Last week I parked up off of Poncha Pass and hiked/skinned to past Simmons and down the Sangres a few peaks. Then I came back and hit Simmons and skiid the long avalanche chute to the north east of the summit. For anyone looking for a lot of vertical, this isn't the peak, but was still super fun.
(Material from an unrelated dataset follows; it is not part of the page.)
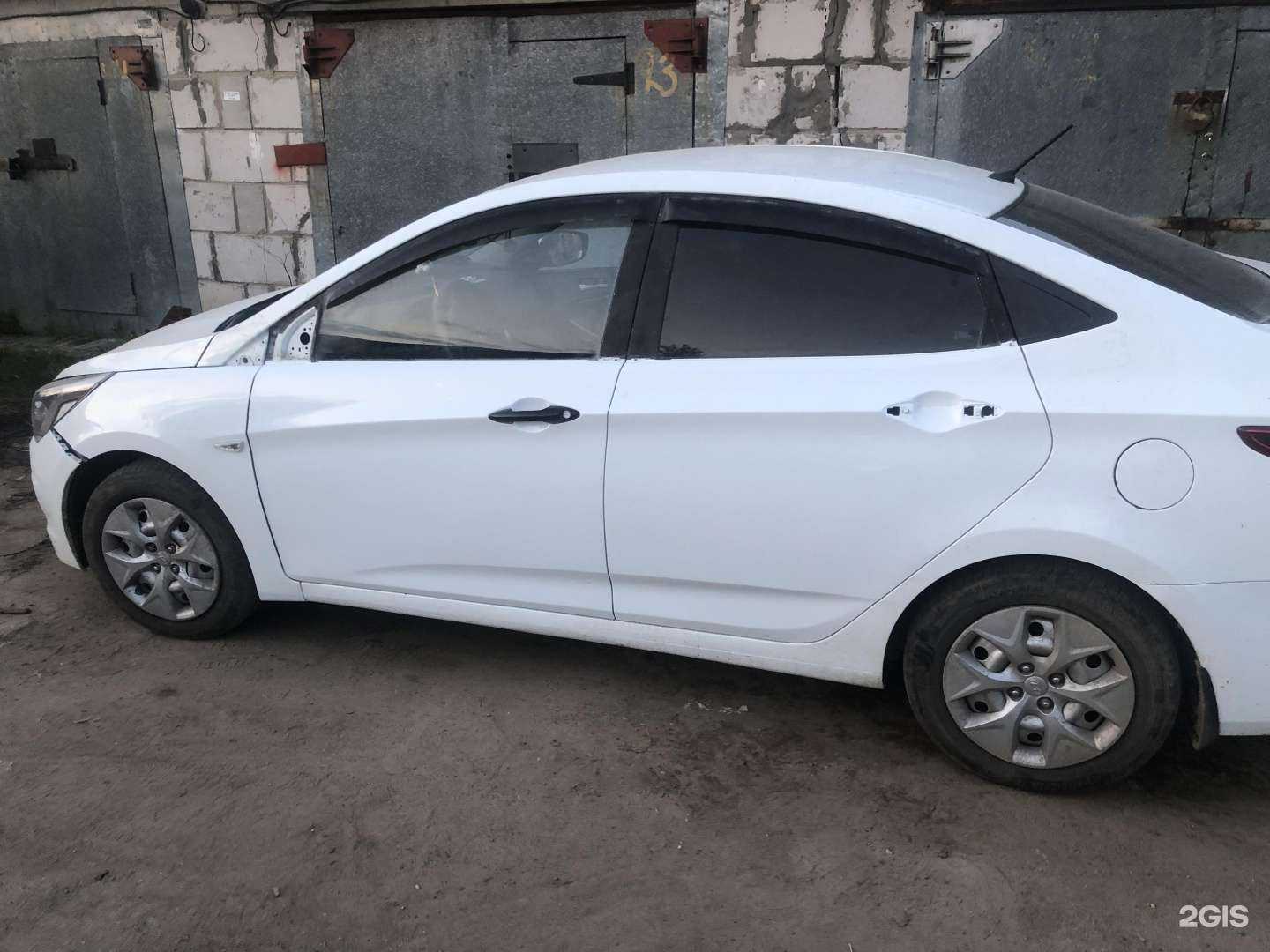 Отзывы на компанию SPC в Сыктывкаре c фото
Could you look down the east fast of Galena and see a ski line off the summit?


hey carrying two packs for a mile and a half
05/10/2011 21:50
out to count for something

never a dull moment when Derek plans a route

I was impressed though by the speed in which he did return


Kudos for carrying two packs ...
05/10/2011 22:46
Yes yes yes ... credit duly given for that! 8)


No line.
05/11/2011 00:01
I didn't see any ski line off of Galena or any other peaks.

Al- Thanks again for bringing down my pack. You didn't have to do that for the last 1 1/2 miles on your part.


I saw the title.....
05/11/2011 01:25
and immediately pegged the author. Well done Derek and Al.


Ever hear of a bike?????
05/11/2011 02:07
Mike, Steve and I were looking at that route a few weeks ago. But we were going to be lazy and bring a second car. Good God Man.

Jason Halladay

07/27/2015 14:21
That’s a huge outing especially in those conditions. Thanks for the report, very helpful and inspiring.